AKP iktidarı kadına yönelik siyaset biçimiyle aslında şiddete karşı mücadeleyi engellemeye çalışıyor. AKP’nin 18 yıllık dönemi içerisinde 7 bin 500 kadın resmi rakamlara göre katledilmiş. Yine 100 binin üzerinde kadın tacize maruz kalmış, 200 binin üzerinde kadın ise yine cinsel saldırıya maruz kalmıştır. Bunların resmi rakamlar olduğunu, şüpheli ölümlerin bu sayılar içinde yer almadığını, tablonun görünenden çok daha vahim olduğunu ne yazık ki biliyoruz. Hala akıbetinden bihaber olduğumuz Gülistan Doku’dan biliyoruz. 5 yıl önce evlerine gelen polislere ‘galoş giyin’ dediği için katledilen Dilek Doğan’dan biliyoruz.
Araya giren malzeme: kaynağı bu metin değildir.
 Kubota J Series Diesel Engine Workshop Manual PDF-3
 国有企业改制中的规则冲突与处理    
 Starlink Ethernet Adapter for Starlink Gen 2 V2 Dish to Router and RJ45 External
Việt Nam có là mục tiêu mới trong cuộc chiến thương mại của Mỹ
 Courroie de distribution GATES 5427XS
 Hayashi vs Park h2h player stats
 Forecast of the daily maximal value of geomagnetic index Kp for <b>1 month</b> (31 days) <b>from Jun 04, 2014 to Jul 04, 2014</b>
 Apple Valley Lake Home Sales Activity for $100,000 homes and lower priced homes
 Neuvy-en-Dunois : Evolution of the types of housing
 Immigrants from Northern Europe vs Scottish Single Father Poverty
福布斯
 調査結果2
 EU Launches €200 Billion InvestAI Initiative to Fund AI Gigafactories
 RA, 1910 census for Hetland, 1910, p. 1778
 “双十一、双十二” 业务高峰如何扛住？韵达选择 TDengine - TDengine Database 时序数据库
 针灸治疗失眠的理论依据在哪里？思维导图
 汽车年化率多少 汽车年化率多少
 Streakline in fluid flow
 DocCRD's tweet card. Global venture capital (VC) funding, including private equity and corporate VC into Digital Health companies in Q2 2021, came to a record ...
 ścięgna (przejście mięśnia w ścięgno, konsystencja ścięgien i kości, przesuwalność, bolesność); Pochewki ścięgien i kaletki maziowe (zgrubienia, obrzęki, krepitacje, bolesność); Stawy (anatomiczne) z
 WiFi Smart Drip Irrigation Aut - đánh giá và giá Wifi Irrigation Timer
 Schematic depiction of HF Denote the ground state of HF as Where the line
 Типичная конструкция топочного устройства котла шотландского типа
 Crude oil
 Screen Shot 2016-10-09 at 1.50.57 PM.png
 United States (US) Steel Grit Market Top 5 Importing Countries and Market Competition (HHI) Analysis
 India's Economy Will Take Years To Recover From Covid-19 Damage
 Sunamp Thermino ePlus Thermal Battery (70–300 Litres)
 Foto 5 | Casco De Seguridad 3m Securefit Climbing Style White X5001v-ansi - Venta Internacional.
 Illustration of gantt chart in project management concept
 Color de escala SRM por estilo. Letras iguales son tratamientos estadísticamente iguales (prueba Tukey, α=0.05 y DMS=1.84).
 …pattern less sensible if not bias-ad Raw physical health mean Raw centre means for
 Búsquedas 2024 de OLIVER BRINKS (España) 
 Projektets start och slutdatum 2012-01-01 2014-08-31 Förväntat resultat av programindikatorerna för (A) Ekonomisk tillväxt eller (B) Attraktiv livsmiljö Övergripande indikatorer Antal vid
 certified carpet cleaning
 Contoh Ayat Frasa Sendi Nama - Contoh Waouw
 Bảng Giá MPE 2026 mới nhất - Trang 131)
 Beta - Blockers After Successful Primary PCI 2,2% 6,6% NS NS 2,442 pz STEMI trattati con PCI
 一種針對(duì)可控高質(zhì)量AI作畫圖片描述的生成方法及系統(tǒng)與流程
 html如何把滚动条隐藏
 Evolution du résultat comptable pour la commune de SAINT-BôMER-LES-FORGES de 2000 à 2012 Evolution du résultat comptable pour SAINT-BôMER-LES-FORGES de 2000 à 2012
Kendisine yaşatılan adaletsizliğin hesabını bedeniyle soran İpek Er’den biliyoruz. Canice katledilen Merve Arslan’dan biliyoruz. AKP iktidarının ölüm politikası sonucu yaşamını yitiren Ebru Timtik’in yaşam ve adalet hakkının insafsızca elinden alınmasından biliyoruz.
Pınar Gültekin’i katleden faillerin, arkalarına aldıkları erkek yargıyla aklanmaya çalışmalarını, İpek Er’in failinin elini kolunu sallayarak hiçbir şey olmamış gibi yaşamına devam etmesini biz kadınlar kabul etmedik, etmeyeceğiz. Zira kadınların erkek adalet değil, gerçek adalet için mekân tanımadan verdikleri direnişi de erkek iktidarlar çok iyi biliyorlar.
Bu yüzyıl erkek egemenliğinin yıkılacağı ve kadınların kazanacağı yüzyıl olacak.
İktidar 70-75 yaşlarındaki anneleri tutukluyor, 10 günlük bebekleri anneleri ile beraber gözaltına alıyor.
‘EŞBAŞKANLIK DÜNYAYA İLHAM VERDİ’
Eşbaşkanlık sistemimizi kriminalize ederek biz kadınları siyaset dışına itmeye niyetleniyorlar. Halbuki eşbaşkanlık sistemi kadınların politika yapım sürecinin her aşamasında aktif rol olmasını sağlayan kadın özgürlükçü bir sistemdir. Yerel yönetimlerde eşbaşkanlık sistemini uygulayan dünyadaki tek partiyiz. Bu deneyimimiz dünyaya ilham veriyor. Ancak kadın düşmanı AKP – MHP iktidarı bu özgürlükçü sistemi yok etmek istiyor. Bu iktidar kadınları güçlendiren, bütün kadın kurumlarımızı ve kooperatiflerimizi kapatıyor. Kadınların bir araya gelerek dayanışmalarına engel olmaya çalışıyor. Şiddetle mücadele eden onlarca kurumu kayyımlar kapattı. Kadın yoldaşlarımızı tehdit ederek korkutmaya ve sindirmeye çalışıyor.
Ne İstanbul Sözleşmesine ne eşbaşkanlığa ne de nafaka hakkına el konulmasına müsaade edeceğiz.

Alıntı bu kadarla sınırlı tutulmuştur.